I mean, it's a feedback loop. The swastika was a generic good-luck symbol before 1933. Skulls are a symbol of death and therefore look dangerous and menacing, so Fascists used them to look hardcore like bikers after them.
There's a whole hypermasculine look to fascist iconography people can be drawn to without actually being fascists. I mean, you might fantasize about being in an army and killing the faceless enemy without actually wanting to do it in real life. People watch heist movies and fantasize about outsmarting the law and escaping with a bunch of cash, but most of those people don't go on to rob banks.
Nazis are powerful and evil, which is attractive to many as well (look at Dracula or Gordon Gekko or even the Joker in some cases)--apparently in the BDSM community there's a whole ongoing controversy on how to get the evil 'look' without being offensive to anyone whose family was actually killed.

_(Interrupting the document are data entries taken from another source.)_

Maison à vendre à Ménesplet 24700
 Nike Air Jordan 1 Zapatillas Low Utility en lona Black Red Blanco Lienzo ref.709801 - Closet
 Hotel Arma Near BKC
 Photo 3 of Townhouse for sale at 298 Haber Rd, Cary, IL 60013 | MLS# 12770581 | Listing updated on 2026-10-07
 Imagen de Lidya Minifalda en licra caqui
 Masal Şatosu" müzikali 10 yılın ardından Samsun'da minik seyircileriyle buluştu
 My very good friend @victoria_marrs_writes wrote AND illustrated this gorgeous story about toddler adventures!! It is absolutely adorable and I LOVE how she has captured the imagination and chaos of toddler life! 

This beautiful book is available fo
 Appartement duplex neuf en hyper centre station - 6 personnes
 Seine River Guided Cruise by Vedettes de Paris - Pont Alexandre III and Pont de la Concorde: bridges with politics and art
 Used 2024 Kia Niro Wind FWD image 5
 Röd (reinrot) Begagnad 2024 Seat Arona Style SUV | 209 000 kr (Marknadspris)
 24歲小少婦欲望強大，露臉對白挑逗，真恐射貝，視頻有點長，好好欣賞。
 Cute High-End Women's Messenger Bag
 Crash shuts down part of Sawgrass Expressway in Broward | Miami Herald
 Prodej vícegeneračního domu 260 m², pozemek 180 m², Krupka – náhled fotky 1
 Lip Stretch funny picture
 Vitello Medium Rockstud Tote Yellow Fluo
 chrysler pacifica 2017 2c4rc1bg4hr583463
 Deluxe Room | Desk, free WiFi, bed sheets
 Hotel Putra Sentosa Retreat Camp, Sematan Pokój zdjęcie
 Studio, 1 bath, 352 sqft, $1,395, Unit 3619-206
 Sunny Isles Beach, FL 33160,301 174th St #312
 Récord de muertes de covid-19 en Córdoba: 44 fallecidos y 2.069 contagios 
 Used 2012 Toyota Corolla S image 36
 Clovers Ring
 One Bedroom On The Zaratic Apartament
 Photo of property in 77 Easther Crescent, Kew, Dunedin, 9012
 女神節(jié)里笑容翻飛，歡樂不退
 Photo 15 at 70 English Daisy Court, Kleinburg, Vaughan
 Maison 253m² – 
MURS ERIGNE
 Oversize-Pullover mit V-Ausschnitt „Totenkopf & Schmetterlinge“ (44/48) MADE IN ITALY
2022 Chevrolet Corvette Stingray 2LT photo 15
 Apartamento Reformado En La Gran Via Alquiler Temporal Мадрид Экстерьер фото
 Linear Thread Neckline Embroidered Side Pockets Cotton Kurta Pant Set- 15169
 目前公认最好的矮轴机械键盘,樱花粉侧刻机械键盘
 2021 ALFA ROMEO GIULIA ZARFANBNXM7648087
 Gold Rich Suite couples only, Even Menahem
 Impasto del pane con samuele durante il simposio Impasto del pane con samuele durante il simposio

Why don't people get the same feeling about Communists, though? I mean, the NKVD and KGB did lots of bad stuff. I suspect, ironically, the effect of Hollywood (which of course had lots of relatives of the Nazis' real-life victims behind the scenes)--all those movies with Nazis as villains, which of course cast good-looking, charismatic people as Nazis just they like cast good-looking, charismatic people as everything else. Gives them a certain outlaw charisma. Christoph Waltz (Hans Landa, Inglourious Basterds) to take a recent example is a very good-looking guy with a lot of stage presence, and he makes being a Nazi look cool. (The protagonists are too, of course, but when a lot of your villains are Nazis, people wanting to be bad are going to think of Nazis.)